Commentary

An Answer To Brand Safety...Sort Of

Later today, premium "content-style" ad platform Adblade will announce that they have achieved a safety score of 192 (out of 200), as scored by Ad Science's AdSafe Index. As a premium ad platform - one that works exclusively with quality publishers - it makes sense that they would score well. But not every platform or advertiser works exclusively with premium publishers, nor can they. 

Ash Nashed, CEO of Adblade, told RTM Daily that safety has been a priority for the ad platform. "We only work with quality publishers," he said. Among those publishers are NY Daily News, United Press International, Fox News, Hearst Broadcast, and others. That approach has led to what Adblade claims is the highest safety score ever given to an ad platform. However, to me, safety doesn't seem all that difficult to achieve when operating in a sea of premium inventory.

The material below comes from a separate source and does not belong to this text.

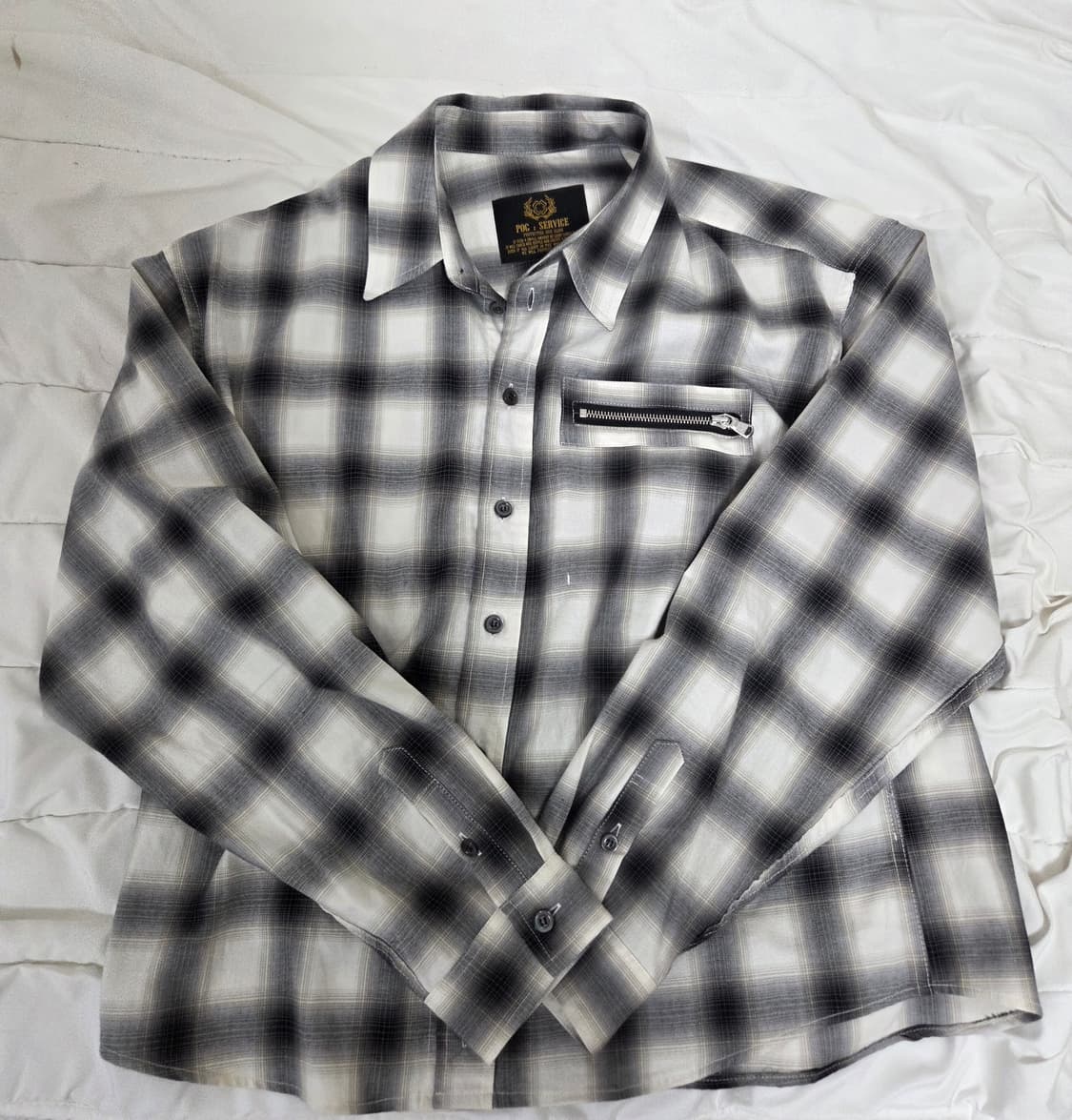 POG serice  JAPAN COTTON CHECK SHIRT 상품이미지1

Adblade uses the word "content-style" to describe themselves, so I asked Nashed to clarify what that meant. When he first described it, "content-style" sounded an awful lot like "native" (as if we need more words that have the same meaning). However, Nashed had a good point that made me believe that not all blended advertising is created equal.

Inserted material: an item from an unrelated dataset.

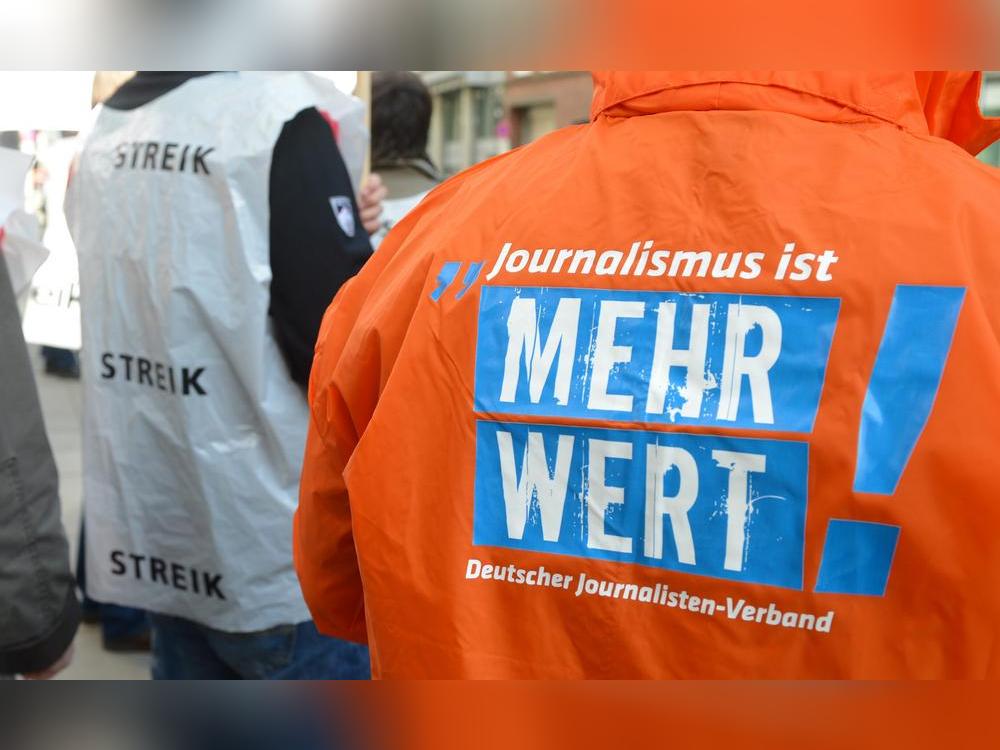 Der Großteil der Redakteurinnen und Redakteure des Patriot und der Geseker Zeitung haben am Montag ab 0 Uhr für 54 Stunden bis Mittwoch um 6 Uhr die Arbeit niedergelegt. Foto: dpa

To him, "native" simply means that a publisher is "creating content on their site, in their skin, for an advertiser." Basically, if it starts on the publisher side, it's native. "Content-style" is the other way around - it originates with the advertiser.

He said that partnering with premium publishers eliminates much of the "cat and mouse game" of fighting abnormal behavior. But what about everyone else - those that are on open marketers?

"It's really hard to get quality inventory (with RTB). Getting quality inventory at scale in a consistent manner is near impossible (with RTB). By nature, it's typically remnant. Today, [you] might get great inventory. Tomorrow…you don't know," he said.

I asked Nashed to give some safety advice to those on the RTB market as a whole, because simply "partnering with premium publishers" is not a suitable option for everyone. He said that part of the problem is that "there's a lot of money being made on bad quality inventory right now," (by the publishers). Additionally, he argued that when premium inventory is on an open exchange, some campaigns end up getting carried along by that inventory, masking other issues.

Nashed's ultimate first-step advice is exactly what you'd expect it to be from a premium ad platform provider: separate premium inventory from remnant on the exchanges. I find that to only sort of be an answer. In order to do that, wouldn't the industry need a definition of "premium" that was universally accepted?